Can common genetic background modify the expression of inherited cardiomyopathies with opposing phenotypes? In JAMA Cardiology, a cross-sectional analysis evaluated whether polygenic susceptibility modifies cardiac structure, function, and disease risk in hypertrophic cardiomyopathy (HCM) and dilated cardiomyopathy (DCM).
The study included 49,434 participants with available electronic health record and genotyping data. Median age was 57 years (interquartile range [IQR], 42-67 years), and 24,886 participants (50.3%) were male. Normalized polygenic scores (PGSs) for HCM and DCM and carrier status of pathogenic variants in established cardiomyopathy genes were assessed. A higher HCM PGS was associated with a 1.1% increase in left ventricular ejection fraction (LVEF; 95% confidence interval [CI], 0.9 to 1.3; P = 7.3 × 10⁻³¹), a 0.79-mm decrease in left ventricular internal diameter at end-diastole (LVIDd; 95% CI, −0.92 to −0.67; P = 2.3 × 10⁻³⁶), and a 0.18-mm increase in interventricular septal (IVS) thickness (95% CI, 0.14 to 0.22; P = 9.3 × 10⁻¹⁹).

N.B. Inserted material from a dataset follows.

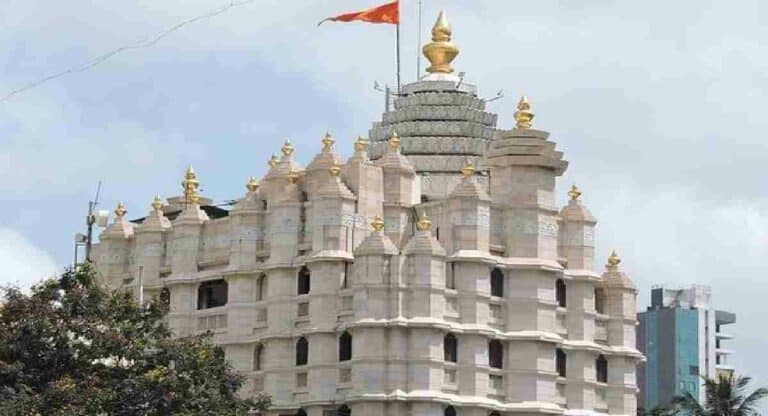 श्री सिध्दीविनायक मंदिराला महापालिकेने ‘या’ कारणासाठी दिली नोटीस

A 1-standard deviation increase in DCM PGS was associated with a 2.0% decrease in LVEF (95% CI, −2.2 to −1.8; P = 3.3 × 10⁻⁸³) and a 1.0-mm increase in LVIDd (95% CI, 0.93 to 1.1; P = 3.2 × 10⁻⁷⁸) and was not significantly associated with IVS thickness (estimate, −1.3 × 10⁻³ mm; 95% CI, −0.04 to 0.03; P = .94). Higher HCM PGS was associated with increased odds of HCM (odds ratio [OR], 1.8; 95% CI, 1.6-2.0; P = 9.6 × 10⁻²⁵) and reduced odds of DCM (OR, 0.69; 95% CI, 0.64-0.74; P = 4.3 × 10⁻²²), whereas higher DCM PGS showed the opposite pattern. Inclusion of either HCM or DCM PGS improved discrimination of disease models beyond age, sex, and monogenic variant status.
These findings show that HCM and DCM risk are modified by an opposing polygenic background spectrum.